WHAT YOU NEED TO DO: Set down nothing but the lines from the one containing "Mirrored pink shield" to the final line of the material, exactly as written, and drop the pictures.

───── SUPPLIED MATERIAL ─────

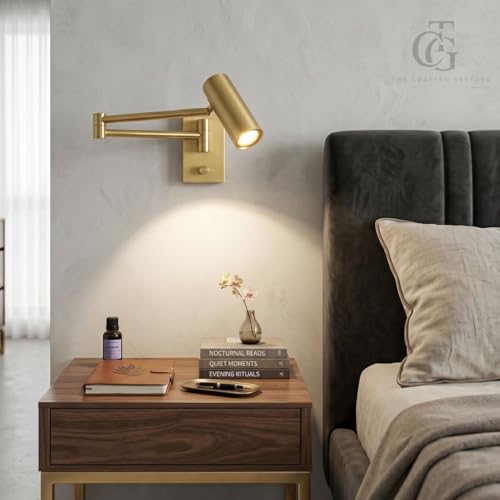 Image of Modern Wall Spotlight with Adjustable Rocker Arm and Built-in Switch Wall Fixture for Bedside-Warm White|Electroplated
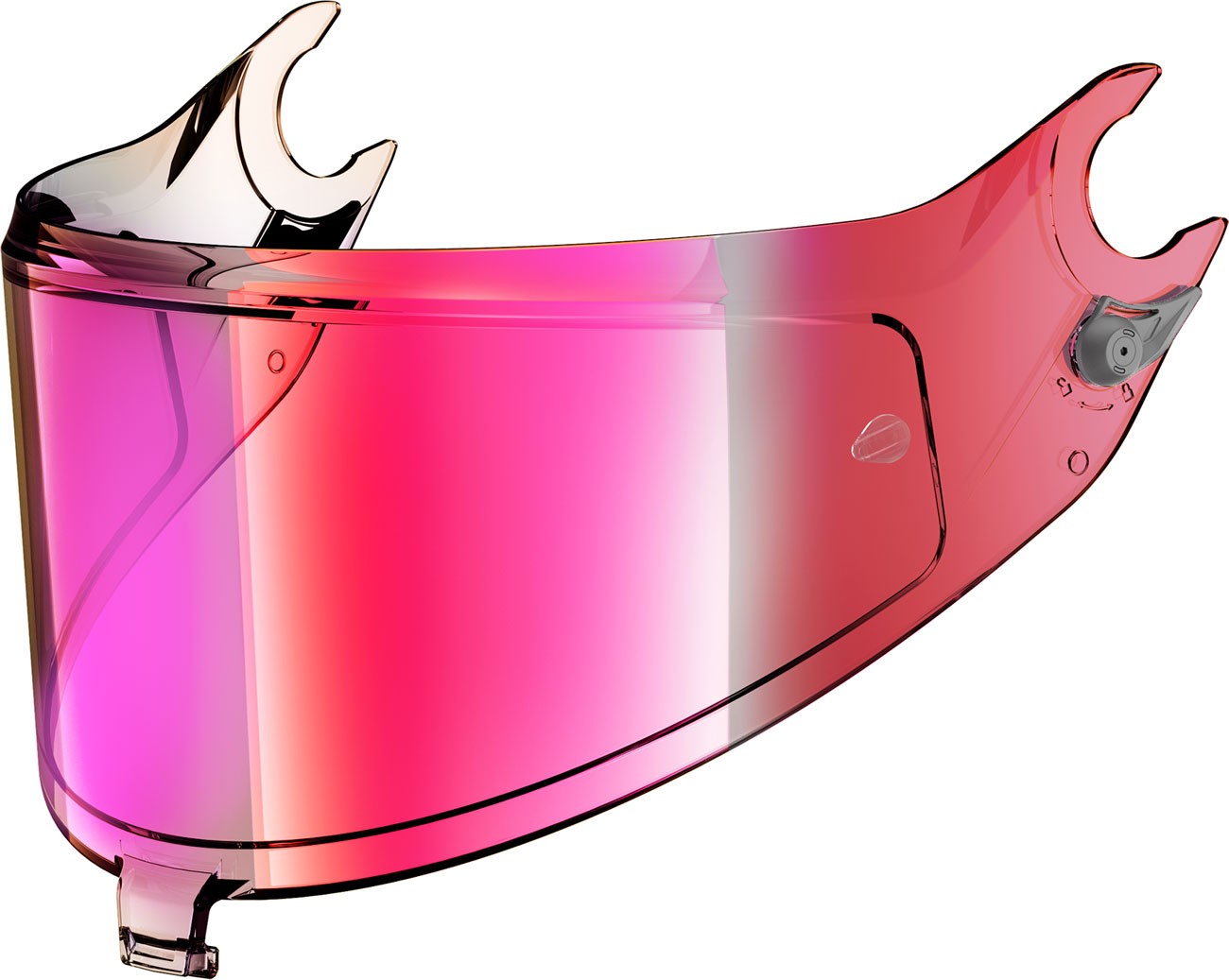 Mirrored pink shield visor for Shark helmets, featuring a sleek, aerodynamic design with a clear edge and attachment points for secure fitting.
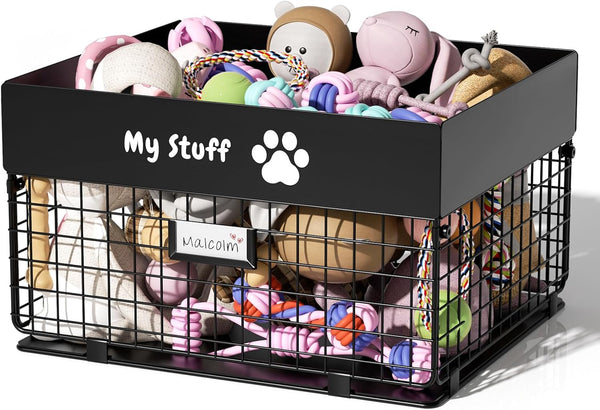 Dog Toy Basket - Large Metal Dog Toy Box for Small Dog, Personalized Storage Bin for Pet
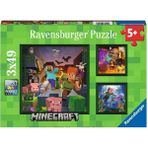 OMZ 56217 Minecraft 3X49 Parça Ravensburger Puzzle Kız Erkek Çocuk Oyuncak Eğitici Oyuncaklar - Çok Renkli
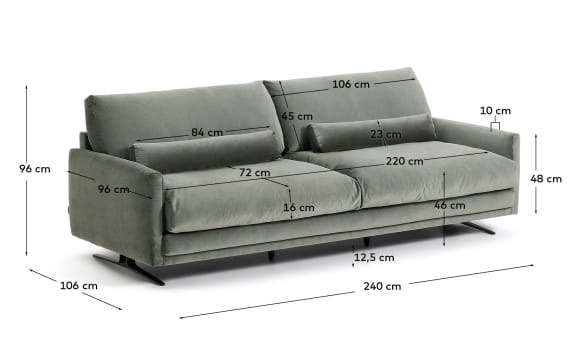 Veliro green velvet 3-seater sofa with black-finish steel legs 240cm FSC Mix Credit - sizes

─────

THE ANSWER:
 Mirrored pink shield visor for Shark helmets, featuring a sleek, aerodynamic design with a clear edge and attachment points for secure fitting.
 Dog Toy Basket - Large Metal Dog Toy Box for Small Dog, Personalized Storage Bin for Pet
 OMZ 56217 Minecraft 3X49 Parça Ravensburger Puzzle Kız Erkek Çocuk Oyuncak Eğitici Oyuncaklar - Çok Renkli
 Veliro green velvet 3-seater sofa with black-finish steel legs 240cm FSC Mix Credit - sizes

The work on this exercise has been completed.